Homec4science

Add a Mercurial commit discovery daemon

Authored by epriestley <git@epriestley.com> on Sep 16 2011, 12:56.

Description

Add a Mercurial commit discovery daemon

Summary:
Repository import has three major steps:

  • Commit discovery (serial)
  • Message parsing (parallel, mostly VCS independent)
  • Change parsing (parallel, highly VCS dependent)

This implements commit discovery for Mercurial, similar to git's parsing:

  • List the heads of all the branches.
  • If we haven't already discovered them, follow them back to their roots (or

the first commit we have discovered).

  • Import all the newly discovered commits, oldest first.

This is a little complicated but it ensures we discover commits in depth order,
so the discovery process is robust against interruption/failure.

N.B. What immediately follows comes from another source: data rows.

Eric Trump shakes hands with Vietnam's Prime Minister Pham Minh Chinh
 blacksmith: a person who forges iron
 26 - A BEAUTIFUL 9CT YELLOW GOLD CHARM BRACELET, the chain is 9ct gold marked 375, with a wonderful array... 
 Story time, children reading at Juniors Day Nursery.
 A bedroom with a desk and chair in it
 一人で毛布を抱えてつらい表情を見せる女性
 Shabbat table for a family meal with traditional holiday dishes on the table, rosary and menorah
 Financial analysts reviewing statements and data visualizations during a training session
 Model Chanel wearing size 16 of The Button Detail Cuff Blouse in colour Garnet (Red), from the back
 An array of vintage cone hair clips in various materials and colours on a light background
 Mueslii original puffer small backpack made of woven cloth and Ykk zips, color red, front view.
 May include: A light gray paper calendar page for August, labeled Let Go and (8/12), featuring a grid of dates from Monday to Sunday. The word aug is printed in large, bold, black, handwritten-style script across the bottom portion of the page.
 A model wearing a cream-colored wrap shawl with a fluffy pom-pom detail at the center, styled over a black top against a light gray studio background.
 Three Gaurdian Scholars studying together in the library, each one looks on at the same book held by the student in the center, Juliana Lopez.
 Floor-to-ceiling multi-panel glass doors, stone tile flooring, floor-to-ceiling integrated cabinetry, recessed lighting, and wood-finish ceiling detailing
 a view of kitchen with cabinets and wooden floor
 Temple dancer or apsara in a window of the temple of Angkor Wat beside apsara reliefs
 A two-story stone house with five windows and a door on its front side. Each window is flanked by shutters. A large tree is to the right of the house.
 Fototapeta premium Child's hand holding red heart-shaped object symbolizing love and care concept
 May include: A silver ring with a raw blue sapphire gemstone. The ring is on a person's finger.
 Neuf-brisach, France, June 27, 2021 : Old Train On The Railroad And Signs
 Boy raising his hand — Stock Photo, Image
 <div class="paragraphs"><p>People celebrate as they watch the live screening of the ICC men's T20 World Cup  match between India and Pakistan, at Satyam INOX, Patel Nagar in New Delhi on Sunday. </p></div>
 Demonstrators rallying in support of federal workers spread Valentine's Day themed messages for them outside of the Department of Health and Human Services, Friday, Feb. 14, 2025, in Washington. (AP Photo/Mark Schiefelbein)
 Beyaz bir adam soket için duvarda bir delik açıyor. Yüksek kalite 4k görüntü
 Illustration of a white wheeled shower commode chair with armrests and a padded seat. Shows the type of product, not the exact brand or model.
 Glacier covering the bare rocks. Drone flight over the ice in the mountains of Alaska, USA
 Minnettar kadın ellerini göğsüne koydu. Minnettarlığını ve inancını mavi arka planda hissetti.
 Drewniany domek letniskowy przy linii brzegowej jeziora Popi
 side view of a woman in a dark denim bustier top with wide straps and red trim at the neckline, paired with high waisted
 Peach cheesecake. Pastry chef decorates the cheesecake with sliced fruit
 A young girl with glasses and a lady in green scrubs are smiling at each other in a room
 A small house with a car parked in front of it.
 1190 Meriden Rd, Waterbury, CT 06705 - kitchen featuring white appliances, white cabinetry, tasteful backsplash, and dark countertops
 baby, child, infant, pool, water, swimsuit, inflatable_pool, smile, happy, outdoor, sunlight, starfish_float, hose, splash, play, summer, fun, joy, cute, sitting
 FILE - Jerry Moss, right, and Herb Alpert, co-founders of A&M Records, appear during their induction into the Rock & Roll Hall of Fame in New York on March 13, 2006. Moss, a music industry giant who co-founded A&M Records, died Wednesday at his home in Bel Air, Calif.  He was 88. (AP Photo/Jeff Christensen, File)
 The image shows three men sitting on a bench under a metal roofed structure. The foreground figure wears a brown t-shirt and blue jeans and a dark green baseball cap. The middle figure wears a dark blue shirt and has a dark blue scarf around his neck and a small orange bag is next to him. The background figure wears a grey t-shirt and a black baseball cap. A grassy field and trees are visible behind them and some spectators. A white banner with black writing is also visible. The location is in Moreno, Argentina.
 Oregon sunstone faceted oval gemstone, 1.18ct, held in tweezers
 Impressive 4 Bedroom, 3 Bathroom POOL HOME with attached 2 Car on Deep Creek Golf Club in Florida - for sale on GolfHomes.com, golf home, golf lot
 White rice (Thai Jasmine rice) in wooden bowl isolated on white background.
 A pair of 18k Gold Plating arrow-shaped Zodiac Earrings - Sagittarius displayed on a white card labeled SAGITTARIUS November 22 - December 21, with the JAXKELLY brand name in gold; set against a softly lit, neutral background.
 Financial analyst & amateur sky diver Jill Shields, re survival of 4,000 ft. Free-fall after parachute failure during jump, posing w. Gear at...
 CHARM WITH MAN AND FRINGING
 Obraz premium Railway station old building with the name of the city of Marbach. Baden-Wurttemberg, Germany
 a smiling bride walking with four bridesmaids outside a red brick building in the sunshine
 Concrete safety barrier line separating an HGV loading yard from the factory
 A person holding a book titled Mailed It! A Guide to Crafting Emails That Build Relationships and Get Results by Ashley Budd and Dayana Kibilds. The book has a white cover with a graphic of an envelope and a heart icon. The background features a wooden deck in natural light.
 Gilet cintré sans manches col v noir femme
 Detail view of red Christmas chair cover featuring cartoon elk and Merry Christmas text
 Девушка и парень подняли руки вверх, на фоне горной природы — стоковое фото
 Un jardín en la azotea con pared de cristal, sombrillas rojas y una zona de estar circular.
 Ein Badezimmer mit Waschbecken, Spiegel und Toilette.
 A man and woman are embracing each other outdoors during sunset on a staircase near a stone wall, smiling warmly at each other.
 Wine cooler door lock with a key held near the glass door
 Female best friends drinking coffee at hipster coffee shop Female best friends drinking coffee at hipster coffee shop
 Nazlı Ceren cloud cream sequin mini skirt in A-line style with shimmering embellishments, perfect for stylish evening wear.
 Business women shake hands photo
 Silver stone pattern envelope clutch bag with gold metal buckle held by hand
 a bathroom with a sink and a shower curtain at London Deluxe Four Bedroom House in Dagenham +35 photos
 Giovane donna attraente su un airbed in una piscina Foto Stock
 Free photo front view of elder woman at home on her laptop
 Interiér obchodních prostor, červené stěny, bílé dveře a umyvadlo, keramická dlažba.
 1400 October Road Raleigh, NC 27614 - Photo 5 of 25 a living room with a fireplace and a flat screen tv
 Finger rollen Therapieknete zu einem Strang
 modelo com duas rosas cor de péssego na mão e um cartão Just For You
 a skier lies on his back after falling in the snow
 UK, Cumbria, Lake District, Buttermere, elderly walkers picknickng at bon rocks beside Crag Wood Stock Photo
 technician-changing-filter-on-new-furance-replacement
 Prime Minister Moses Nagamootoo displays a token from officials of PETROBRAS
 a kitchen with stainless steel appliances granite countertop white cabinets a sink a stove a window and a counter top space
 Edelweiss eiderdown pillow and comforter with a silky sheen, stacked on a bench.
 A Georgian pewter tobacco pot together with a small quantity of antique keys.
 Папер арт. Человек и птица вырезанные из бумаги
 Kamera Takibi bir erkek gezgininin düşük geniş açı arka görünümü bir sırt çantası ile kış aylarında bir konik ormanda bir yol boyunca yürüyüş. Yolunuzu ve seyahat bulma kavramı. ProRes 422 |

If we just
inserted commits as we went, we might read the tip, insert it, and then crash.
When we ran again, we'd think we had already discovered commits older than HEAD.

This also allows later stages to rely on being able to find Phabricator commit
IDs which correspond to parent commits.

NOTE: This importer is fairly slow because "hg" has a large startup time (compare "hg --version" to "git --version" and "svn --version"; on my machine, hg has 60ms of overhead for any command) and we need to run many commands (see the whole "hg id" mess). You can expect something like 10,000 per hour, which means you may need to run overnight to discover a large repository (IIRC, the svn/git discovery processes are both about an order of magnitude faster). We could improve this with batching, but I want to keep it as simple as possible for now.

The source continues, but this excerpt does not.